Despite economic development, human trafficking persists all around the world and includes a broad range of coercive and exploitive activities. 

Professor Walby said: “Human trafficking is defined in international law using the concept of coercion rather than violence. It's the exploitation of the vulnerability of others using coercion, which is considered so unacceptable that it has been designated a crime.  

“There is often violence in it, but force is not necessary for it to be legally defined a crime. Debt bondage for example, is a form of human trafficking. It might not involve physical force or chains, but the coercion involved with some types of debt results in people being controlled.”  

Her research outlines how human trafficking is not just an issue of crime, but of regulation of the economy, better welfare, and social protections.  

“With this work, I’m trying to rebuild a theory of society which takes better account of gender inequality and violence, and human trafficking is an example of that. Some responses to violence have argued for increased mobilisation of the criminal justice system to address these acts. While it’s correct to criminalise these acts, often that’s not the most effective route to reducing them.  

“Our work suggests that better regulation of the economy and greater attention to following the profits is a more appropriate way to reduce trafficking. If the economy were better regulated, there would be fewer examples of these forms of exploitation. For instance, if it was not possible to take excessive fees from migrants seeking work, then people would be less likely to take on these odious forms of debt.”    
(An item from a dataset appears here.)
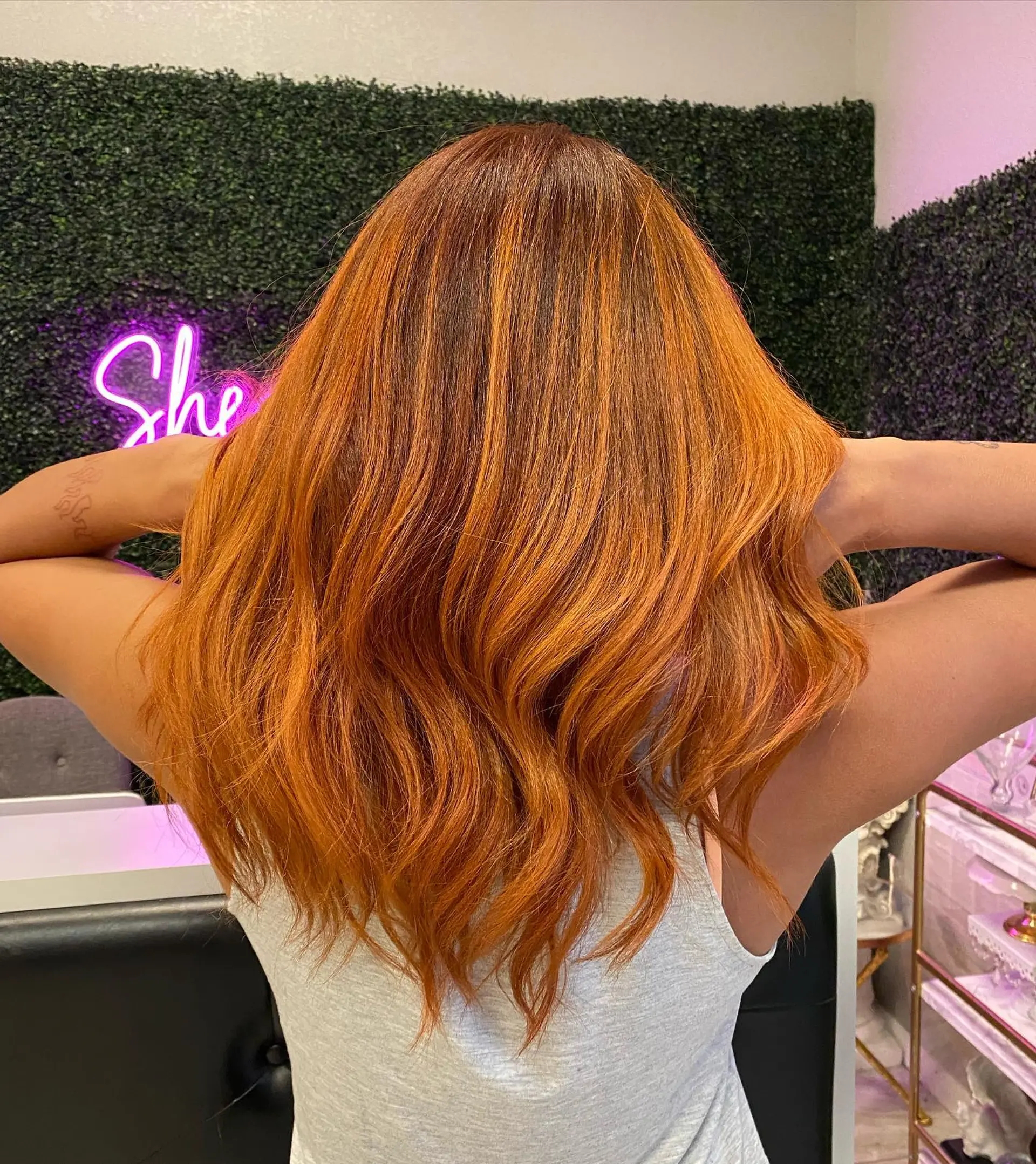 Long, wavy hair with a vibrant copper red color and subtle highlights. 1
The book explores intersecting regimes that contribute to the cause of human trafficking such as gender inequality, capitalism, and the legacies of colonialism.  

“Human trafficking is often treated as either violent crime or economic inequality and employment. However, our research shows the importance of addressing both these aspects.  
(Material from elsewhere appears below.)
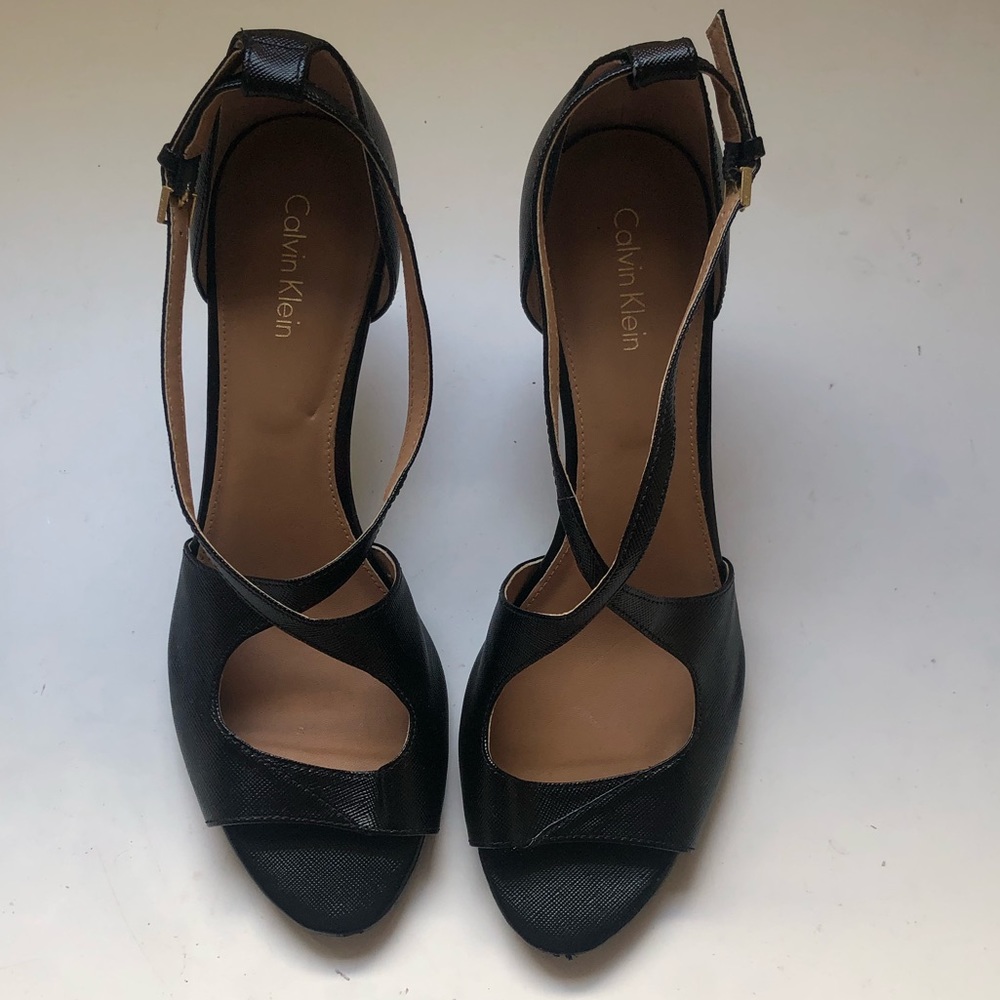 Calvin Klein - Black Leather Cross-strap Heel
“To develop the best interventions, we need to better understand human trafficking and the societal complexities that perpetuate it,” explained Professor Walby. 

Her research has been presented to the European Commission, United Nations, and the UK’s Home Affairs Select Committee. 

The book Traffic Chains: Modern Slavery in Society follows on from four related research reports funded by the European Commission designed to improve policy; the gender dimension of trafficking human beings, a comprehensive review of more than 300 projects, data on trafficking, and the societal cost of trafficking human beings.  

Professor Walby joined Royal Holloway last year but has researched violence, society, and gender inequality for many years and is a well-known global authority in the field. 

“My work in violence and society sits inside multiple disciplines so joining such a multidisciplinary Law and Criminology Department, which includes law, criminology, sociology, social policy to psychology has been a great benefit.”

There are many issues in the real world that criminology, sociology and other social sciences provide a scientific understanding of.  

“If you care about problems like violence, domestic violence, stalking, human trafficking and want to understand them beyond popular understandings, our degrees at Royal Holloway in criminology, and the joint degrees between criminology and the different social sciences, offer an excellent intellectual foundation to understand what’s going on in the world.”  

Professor Walby is now building a platform called the Futures of Violence. The project will bring people together from a wide range of disciplines, including the humanities, social sciences, and artificial intelligence.  

“It’s my hope that Royal Holloway will become the go to place for robust data and analysis of violence in the UK, Europe and globally,” she added.  

Professor Walby will be speaking on Futures of Violence at the UCL Sociology Network Annual Lecture on 6 June and the British Academy Summer Showcase on 11 July.